From the room, far back, a gray-haired man
Came forward and picked up the bow.
Then, wiping the dust from the old violin,
And tightening the loosened strings,
He played a melody pure and sweet,
As a carolling angel sings.
The music ceased, and the auctioneer
With a voice that was quiet and low
Said, "What am I bid for the old violin?"
And he held it up with the bow.
"A thousand dollars! And who'll make it two?
"Two thousand! Who'll make it three?
"Three going once?
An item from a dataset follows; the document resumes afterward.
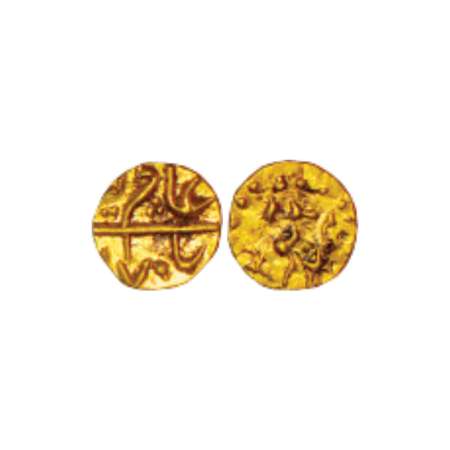 Alamgir II (1754-1759 AD), gold fanam, 0.20g, Siddhaut mint. Very fine+, Rare.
Three going twice?
"And going . . . and gone!" said he.
The people cheered but some of them cried,
"We do not understand!
What changed its worth?" -- Swift came the reply,
"The touch of the Master's Hand."
And many a man with life out of tune
And battered and scarred with sin
Is auctioned cheap to the thoughtless crowd
Much like the old violin.
A "mess 'o pottage"
A glass of wine
A game and he travels on.
He's "going" once
And "going" twice
And "going" . . . and almost "gone"
Then along comes the Master, and the foolish crowd
Never can quite understand
The worth of a soul or the change that's wrought
By the touch of the Master's Hand.
This poem was popular around school when I was nine:
The Cold Within by James Patrick Kinney
Six humans trapped by happenstance
in black and bitter cold
Each possessed a stick of wood,
Or so the story's told.
Their dying fire in need of logs,
the first woman held hers back
For on the faces around the fire
She noticed one was black.
The next man looking 'cross the way
Saw one not of his church
And couldn't bring himself to give
The fire his stick of birch.
The third one sat in tattered clothes
He gave his coat a hitch,
Why should his log be put to use
To warm the idle rich?
The rich man just sat back and thought
Of the wealth he had in store,
And how to keep what he had earned
>From the lazy, shiftless poor.
The black man's face bespoke revenge
As the fire passed from his sight,
For all he saw in his stick of wood
Was a chance to spite the white.
And the last man of this forlorn group
Did naught except for gain,
Giving only to those who gave
Was how he played the game.
The logs held tight in death's stilled hands
Was proof of human sin,
They didn't die from the cold without,
They died from the cold within.
If you are looking for something humorous check a Shel Silverstein book out from the library.